All-Reviews.com Movie Review: The Peacemaker

Starring: George Clooney, Nicole Kidman
Director: Mimi Leder
Rated: R
RunTime: 122 Minutes
Release Date: September 1997
Genres: Action, Suspense, Thriller


*Also starring: Marcel Iures, Alexander Baluev, Rene Medvesek, Armin Mueller-Stahl



Review by Steve Rhodes
3 stars out of 4

"God, I miss the cold war," confesses national security advisor Jerry Hamilton. Someone has set off an A-bomb in the heart of Russia, and no one knows why.

Back in the old days, both sides in the arms race stockpiled nuclear weapons in the world's biggest game of chicken. So long as the other side wasn't sure that their cache was bigger, they could be counted on not to fire first. But those cozy days of the great standoff are gone forever like the five-cent soda pop.

Today, Russia is dismantling her nukes, and THE PEACEMAKER, the first film, from Steven Spielberg, Jeffrey Katzenberg, and David Geffen's new studio, Dreamworks SKG, considers what would happen if some criminal entrepreneurs stole a batch of nuclear weapons and began selling them on the black market.

Emmy award winning television director Mimi Leder tries her hand at her first theatrical movie with powerful success, albeit after an uneven first half. The second half is consistently thrilling, so don't give up on it when it bogs down at first.

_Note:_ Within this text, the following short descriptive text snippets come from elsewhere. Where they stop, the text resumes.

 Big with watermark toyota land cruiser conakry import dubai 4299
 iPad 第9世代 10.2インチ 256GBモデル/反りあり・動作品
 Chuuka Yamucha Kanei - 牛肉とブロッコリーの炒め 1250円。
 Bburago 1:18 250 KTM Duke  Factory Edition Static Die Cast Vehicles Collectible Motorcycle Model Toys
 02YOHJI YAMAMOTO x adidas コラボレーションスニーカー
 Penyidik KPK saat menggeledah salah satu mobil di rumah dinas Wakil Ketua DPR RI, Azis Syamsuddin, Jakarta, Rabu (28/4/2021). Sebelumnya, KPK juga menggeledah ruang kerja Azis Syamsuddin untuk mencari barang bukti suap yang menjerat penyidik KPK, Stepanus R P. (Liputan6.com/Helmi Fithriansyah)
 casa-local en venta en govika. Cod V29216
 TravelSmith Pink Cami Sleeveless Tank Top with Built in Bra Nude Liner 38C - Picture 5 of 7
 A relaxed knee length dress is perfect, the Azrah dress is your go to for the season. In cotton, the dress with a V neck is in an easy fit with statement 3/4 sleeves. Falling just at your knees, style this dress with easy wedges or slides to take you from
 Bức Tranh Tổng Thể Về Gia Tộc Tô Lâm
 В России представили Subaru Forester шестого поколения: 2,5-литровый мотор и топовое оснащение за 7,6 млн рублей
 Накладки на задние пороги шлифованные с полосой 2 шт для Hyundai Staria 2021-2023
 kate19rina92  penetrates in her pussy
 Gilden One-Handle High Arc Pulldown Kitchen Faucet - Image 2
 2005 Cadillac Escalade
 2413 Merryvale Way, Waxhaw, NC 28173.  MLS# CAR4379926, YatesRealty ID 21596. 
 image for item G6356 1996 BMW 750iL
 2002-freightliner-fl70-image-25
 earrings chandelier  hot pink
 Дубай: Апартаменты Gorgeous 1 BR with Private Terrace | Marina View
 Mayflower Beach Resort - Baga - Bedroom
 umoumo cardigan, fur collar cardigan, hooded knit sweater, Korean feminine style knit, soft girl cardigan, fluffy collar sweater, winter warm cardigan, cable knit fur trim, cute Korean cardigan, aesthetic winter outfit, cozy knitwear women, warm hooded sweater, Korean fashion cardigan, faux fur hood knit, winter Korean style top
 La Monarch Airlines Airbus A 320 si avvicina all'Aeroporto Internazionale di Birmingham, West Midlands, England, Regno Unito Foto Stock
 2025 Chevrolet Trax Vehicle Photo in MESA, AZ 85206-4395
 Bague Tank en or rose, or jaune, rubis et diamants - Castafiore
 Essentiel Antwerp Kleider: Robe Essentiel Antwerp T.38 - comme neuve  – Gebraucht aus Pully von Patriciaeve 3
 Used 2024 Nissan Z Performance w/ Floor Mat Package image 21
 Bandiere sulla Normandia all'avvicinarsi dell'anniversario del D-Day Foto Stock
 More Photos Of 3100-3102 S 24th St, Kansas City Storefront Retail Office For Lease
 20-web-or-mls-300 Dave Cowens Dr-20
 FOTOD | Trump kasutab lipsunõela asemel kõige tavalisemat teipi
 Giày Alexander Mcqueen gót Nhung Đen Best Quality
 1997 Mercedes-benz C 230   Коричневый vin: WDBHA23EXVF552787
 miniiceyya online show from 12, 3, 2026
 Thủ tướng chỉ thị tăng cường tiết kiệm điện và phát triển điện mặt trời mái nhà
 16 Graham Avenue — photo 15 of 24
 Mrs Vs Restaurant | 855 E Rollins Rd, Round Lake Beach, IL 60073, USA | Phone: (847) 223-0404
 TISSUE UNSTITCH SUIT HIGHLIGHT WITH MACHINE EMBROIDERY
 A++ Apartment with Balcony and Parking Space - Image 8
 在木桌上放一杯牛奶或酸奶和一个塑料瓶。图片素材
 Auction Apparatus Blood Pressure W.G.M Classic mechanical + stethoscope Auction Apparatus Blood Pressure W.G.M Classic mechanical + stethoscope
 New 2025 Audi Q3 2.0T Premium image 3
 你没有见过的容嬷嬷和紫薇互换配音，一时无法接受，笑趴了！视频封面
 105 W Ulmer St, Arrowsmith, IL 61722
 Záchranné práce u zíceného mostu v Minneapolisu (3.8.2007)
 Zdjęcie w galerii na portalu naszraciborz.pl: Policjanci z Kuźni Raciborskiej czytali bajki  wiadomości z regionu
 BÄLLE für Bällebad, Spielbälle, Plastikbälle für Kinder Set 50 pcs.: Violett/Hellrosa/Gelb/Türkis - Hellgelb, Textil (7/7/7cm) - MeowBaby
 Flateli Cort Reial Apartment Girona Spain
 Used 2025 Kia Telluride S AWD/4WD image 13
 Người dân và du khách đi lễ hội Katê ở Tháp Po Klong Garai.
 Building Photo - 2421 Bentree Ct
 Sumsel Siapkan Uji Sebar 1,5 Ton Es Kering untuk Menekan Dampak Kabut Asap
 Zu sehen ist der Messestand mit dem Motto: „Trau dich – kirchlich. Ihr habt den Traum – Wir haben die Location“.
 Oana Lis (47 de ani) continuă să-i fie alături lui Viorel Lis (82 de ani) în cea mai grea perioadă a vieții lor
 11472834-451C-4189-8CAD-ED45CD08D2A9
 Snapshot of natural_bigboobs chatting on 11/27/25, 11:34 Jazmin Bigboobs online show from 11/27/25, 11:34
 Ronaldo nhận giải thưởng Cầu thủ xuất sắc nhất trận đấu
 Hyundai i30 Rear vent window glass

A group of Russian criminals steal ten atomic bombs from a train in a daring and well executed piece of cinematic action. They explode one as a subterfuge and then sneak off with the other nine to make their fortune.

Back in the U.S., Dr. Julia Kelly, played unconvincingly by Nicole Kidman, is the acting head of the White House Nuclear Smuggling Group. Dr. Kelly, who has the fate of millions in her hands, dresses like a fashion model. Her translucent, silky white blouse is complemented by a skin-tight mini-skirt. She is permitted to let her shirttail come out a bit to show that she really does work for a living. All of this notwithstanding, her casting does add a bit of fun to the film.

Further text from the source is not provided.